Cosa potrebbe succedere a quel punto?
Se i prezzi avvicinassero quella quota, è giusto ricordare che i massimi di aprile sono esattamente sul 61,8% di ritracciamento, ma questa volta del ribasso dai massimi di maggio 2018. Senza la rottura di area 22.050, quindi, dopo un’eventuale fase di ripresa che potrebbe tenere impegnato il Ftse Mib nelle prossime settimane, si rischierebbe una nuova discesa. E in questo caso anche al di sotto dei minimi di fine maggio.
Oltre area 22.050 invece?
Le motivazioni che potrebbero sostenere un tentativo di rimbalzo dai prezzi attuali si dimostrerebbero credibili, con l’indice che si metterebbe in caccia, se non dei massimi di maggio 2018, almeno di quelli di giugno o luglio 2018, in area 22.250/22.500.
In caso di violazione immediata dei 19.500 punti, fin dove potrebbe scivolare l’indice?

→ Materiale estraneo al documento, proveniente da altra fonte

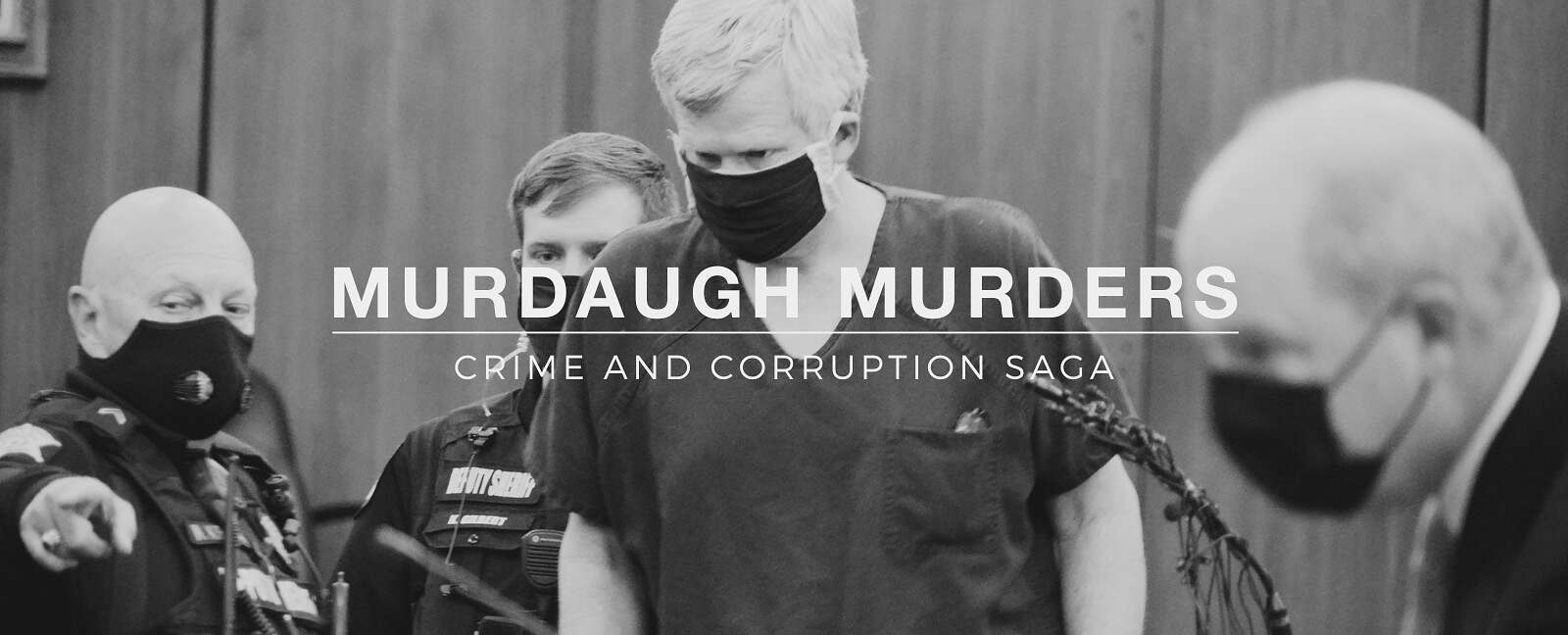 Alex Murdaugh Murder Trial Alex in mask in court with SLED agents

La violazione costringerebbe a una drastica revisione del quadro grafico del Ftse Mib, che sarebbe probabilmente dovuta a un precipitare del quadro politico italiano. La qual cosa verrebbe sicuramente segnalata anche da un’impennata dello spread nuovamente oltre i 290/295 punti. E sotto quei livelli per il Ftse Mib diverrebbe difficile evitare il ritorno almeno sui minimi di dicembre a 17.915 circa, con un unico supporto intermedio rilevante a 18.775 punti.